In what could be the first sign of a ripple effect from the financial condition of the new and expensive Revel Casino, Hard Rock International said Wednesday that it was ending plans to construct a $300 million casino-hotel in Atlantic City.
Those close to the project acknowledged that Revel's dismal performance in its first five months - the $2.4 billion casino is generating only about half of what it needs to stay solvent - would deter banks from providing the financing needed to get the Hard Rock, or any other casino, built in Atlantic City.
"Hard Rock remains a tremendous brand opportunity for Atlantic City, [but] market conditions in the resort make it very difficult to obtain any viable financing at the present time," said Curtis Bashaw, an investor in the Hard Rock project and a developer at the Jersey Shore.
Another person, who asked not to be identified because he was a member of the investment group, was even more emphatic regarding the undertow from the slumping Revel: Getting financing for new casino development in Atlantic City right now would be nearly impossible.
The Hard Rock casino was proposed for the southern end of the Boardwalk on land that once belonged to Bashaw and former gaming executive Wally Barr.
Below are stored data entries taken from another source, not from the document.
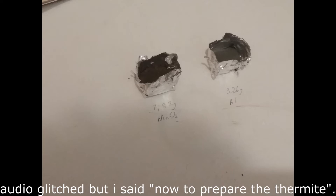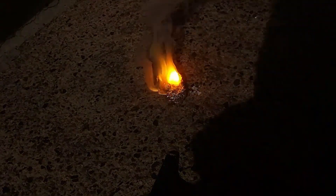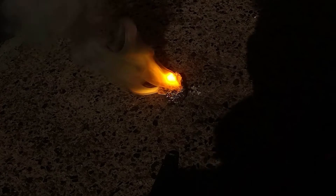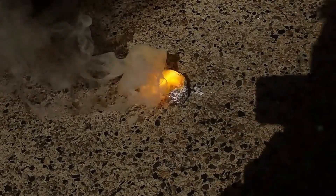To prepare the thermite, we just add aluminium powder to manganese dioxide in a 5 to 12 mass ratio. We simply ignite the mixture by burning a piece of magnesium ribbon, and this reaction is extremely exothermic and produces a lot of smoke. So work outside and wear eye and respiratory protection.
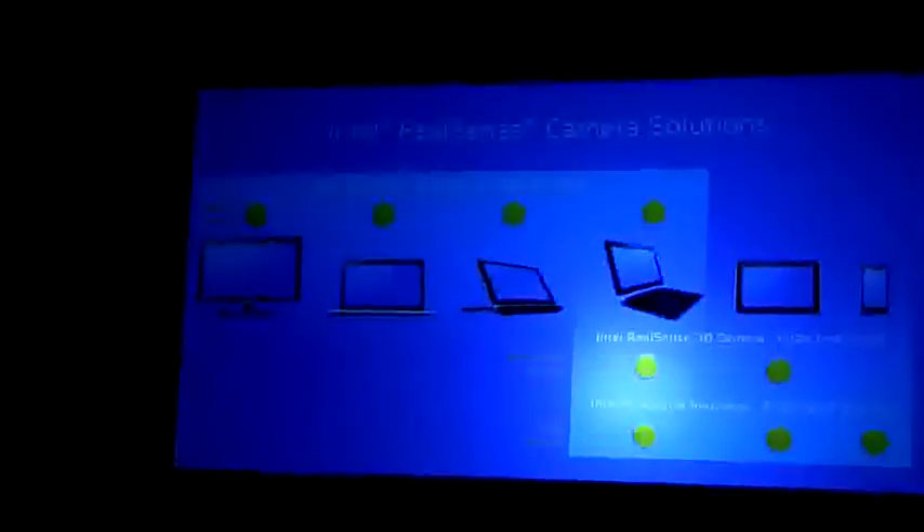I'd just spend a second and talk about this because it is a little bit complicated. The F200 is a 3D camera that's front-facing for the usage models I talked about. It will span from all-in-ones — you'll be able to see it in the all-in-ones up here as reference designs — as well as notebooks. It will be shipping from the lead audience in the fourth quarter of this year.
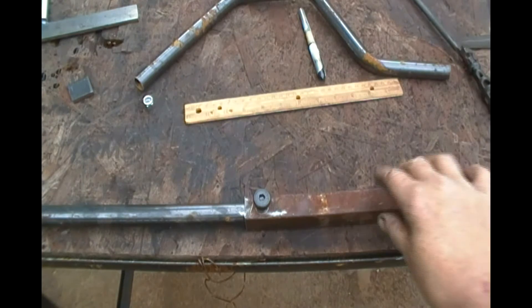Hi there everybody, how y'all doing today? I'm out here back on the bike again. Finally got around to my days off and started working on this kickstand. I'm pretty much manufacturing it out of everything I have here at home. Let me show you what I've done.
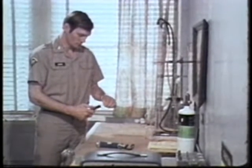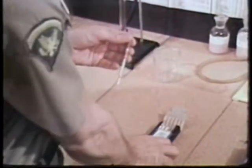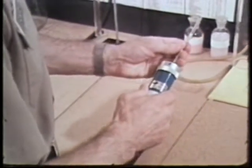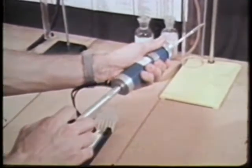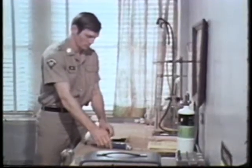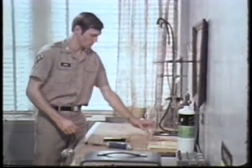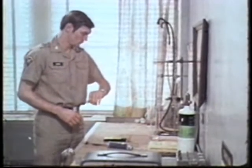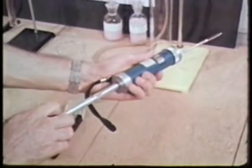Check the pump by doing a field leakage test. Insert a detector tube without breaking the ends. Pull out the piston until it locks and wait for two minutes. At the end of that time, let the piston back in gently.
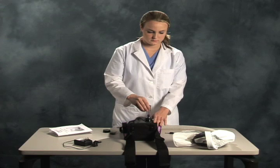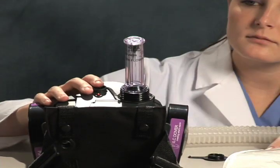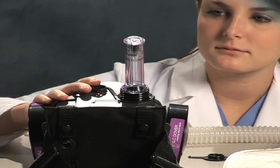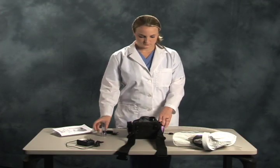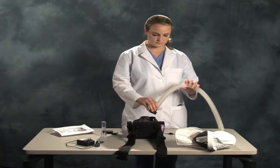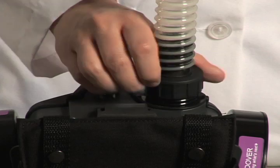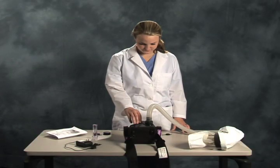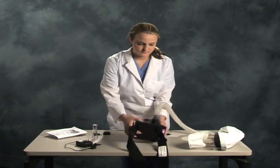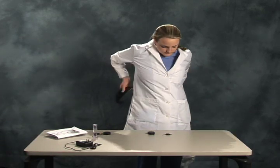Now confirm the airflow rate by using the flow meter included with your kit. Attach the breathing hose by threading it onto the blower assembly. Secure the blower around your waist and connect to the head cover.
It was to sit next to what is now the Atlantic Club, formerly the Atlantic City Hilton, on property bordered by Ventnor, Albany, and Hartford Avenues.
Revel and Hard Rock were being pitched two years ago as the new "bookends on the Boardwalk" that would draw a hipper, younger, and more affluent crowd to Atlantic City and spur its transformation into a destination resort.
AC Gateway L.L.C., the developer of the proposed Hard Rock project, blamed "current market conditions" for the decision, but stopped short of blaming Revel's performance.
"Hard Rock International has decided not to move forward with an application for a potential hotel-casino development in Atlantic City, due to current market conditions," the company said. "We have been evaluating Atlantic City as a prospective location for a hotel-casino development and have not eliminated this location for a future endeavor."
AC Gateway was granted a six-month extension from the New Jersey Casino Control Commission on getting its building permits March 14 - three weeks before Revel's April 2 opening. Wednesday was the deadline for it to submit a $1 million application fee with the state.
Hard Rock and other smaller casinos were viewed as part of a five-year revitalization plan for Atlantic City outlined by Gov. Christie and the New Jersey Legislature.
Lawmakers passed a measure last year to allow for smaller, boutique casino-hotels with fewer than 500 rooms in Atlantic City, to make it easier for investors to enter the market. The 1976 law that allowed gambling in Atlantic City had required that casino-hotels have a minimum of 500 rooms.
Hard Rock and New York-based Och-Ziff Real Estate - the managing partner of AC Gateway, which owns the property and includes Bashaw as a partner - announced in 2010 they would consider developing a Hard Rock casino if the law on number of rooms was changed.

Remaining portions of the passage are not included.